Hay adelfas de flores blanquísimas junto a la piscina. A veces, me quedo absorto en su elegancia cuando salgo del agua. Pienso que deberían ser comentadas en cualquier tratado solvente de estética. Son el resumen perfecto, la amalgama definitiva entre lo bello y lo terrible. Quién podría sospechar de primeras el veneno en una planta tan común por estas tierras, que abunda por caminos, jardines, carreteras, arcenes, medianas, redondas, parques y descampados. Es difícil atisbar lo letal en flores tan vistosas, tan traicioneras. Como sucede con el ser humano, es más fácil ser pérfido cuando se desfila entre los apolíneos, la mayor falacia llega tras unos ojos de un azul eléctrico y un traje a medida, el peor crimen viene de la mano de un necio con inmunidad parlamentaria, de arengas que suelen hablar de fe, entrega y sacrificio. Hombres como adelfas siempre hubo en Moscú, también en Washington. Ahora pueblan la faz de la tierra toda barajando prestancia y ponzoña.

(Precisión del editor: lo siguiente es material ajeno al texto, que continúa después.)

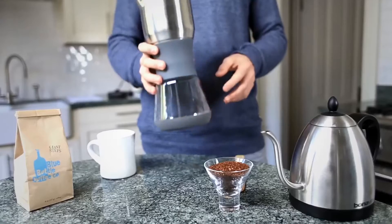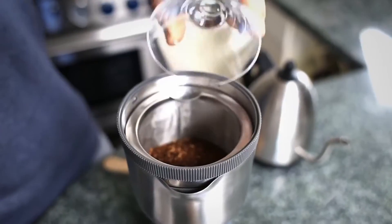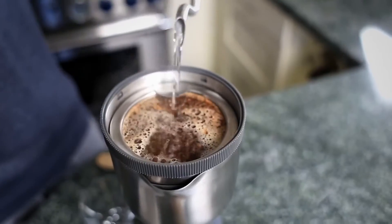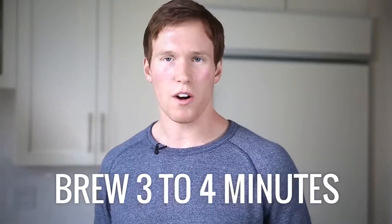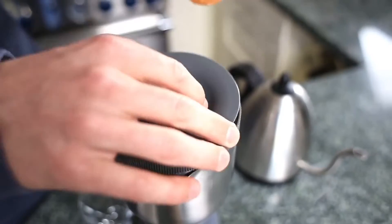This is the Duo Coffee Steeper, a new kind of brewer. Add three tablespoons of coarse ground coffee, fill with hot water, and then give it all a big stir. You want to let that coffee and hot water hang out together for a few minutes in the brew chamber.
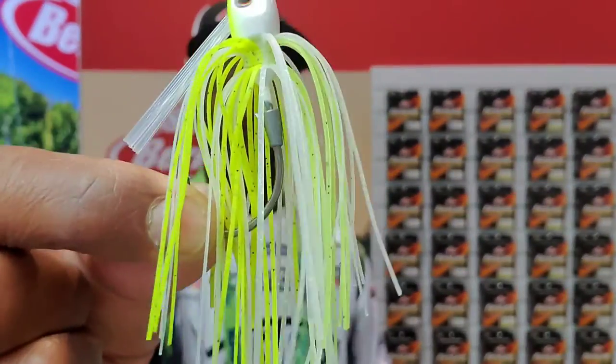What's up folks, over here at the Berkley booth talking jigs. Berkley's come out with the PowerBait jigs, and one thing that's special about these jigs is that PowerBait is infused inside of the skirt. We already know with the PowerBait formula, fish bite and don't let go.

Federico García Lorca le cantó a la adelfa como símbolo del amor, Blanca Andreu robó vuelos de adelfa y alarido, Van Gogh pintó un jarrón de adelfas en su etapa en Arlés y Joaquín Sorrolla las del patio de su casa. De hojas parecidas al laurel, pero ricas en un potente tóxico llamado saponina, cuentan que en la guerra contra la invasión napoleónica, por la serranía rondeña, murió envenenado todo un batallón francés bajo sus efectos. Su nombre en griego tiene que ver con Nereus, dios de las olas del mar, dicen, padre de las nereidas, hermosas ninfas del Mediterráneo, auxiliadoras de los Argonautas. A la adelfa en valenciano se le llama “baladre”, vocablo procedente del latín “veratrum” que significa “raíces oscuras”.

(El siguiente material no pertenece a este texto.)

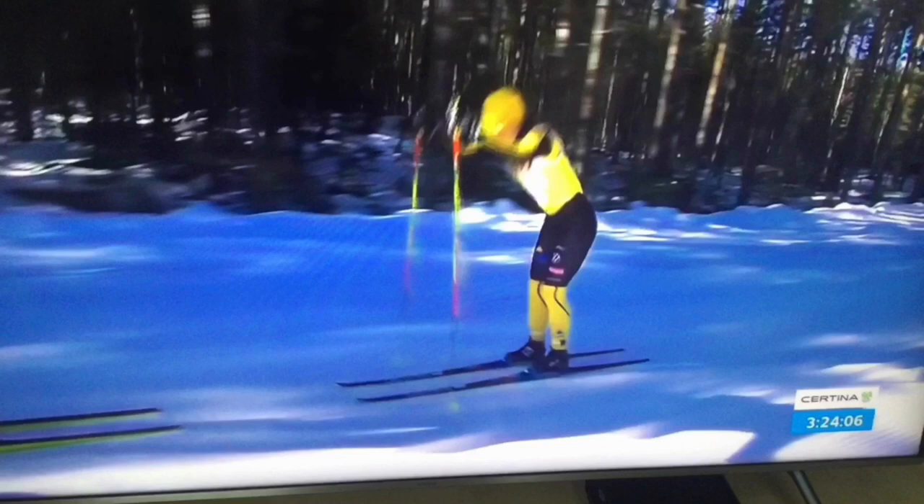On this picture we see this year's winner of the Vasaloppet for the women, and you can see that she is also using this strategy by putting the poles into the snow in a vertical position.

Los agrónomos medievales documentaban su uso para envenenar alimañas y como insecticida natural, en medicina se han empleado sus principios activos como cardiotónicos, antiinflamatorios y diuréticos. Si las escuchamos atentamente, las adelfas nos hablan del peligro que se esconde tras la belleza, dicen bien claro que no existe nada inocuo, que todo tiene un precio. Contienen la dualidad, la complementariedad y el equilibrio de fuerzas contrarias, como si de un yinyang valenciano se tratara, susurran que hay quien encontró en sus hojas una puerta de salida y que hay quien halló asideros en sus flores, motivos suficientes para quedarse un poco más. Cómo permanecer impasibles ante la gracia mortal de las adelfas, ante el violento encanto de sus pétalos, cómo no amar sus besos de azúcar y cianuro.
Imagen: adelfas blancas, atisbo de piscina y pinada al fondo.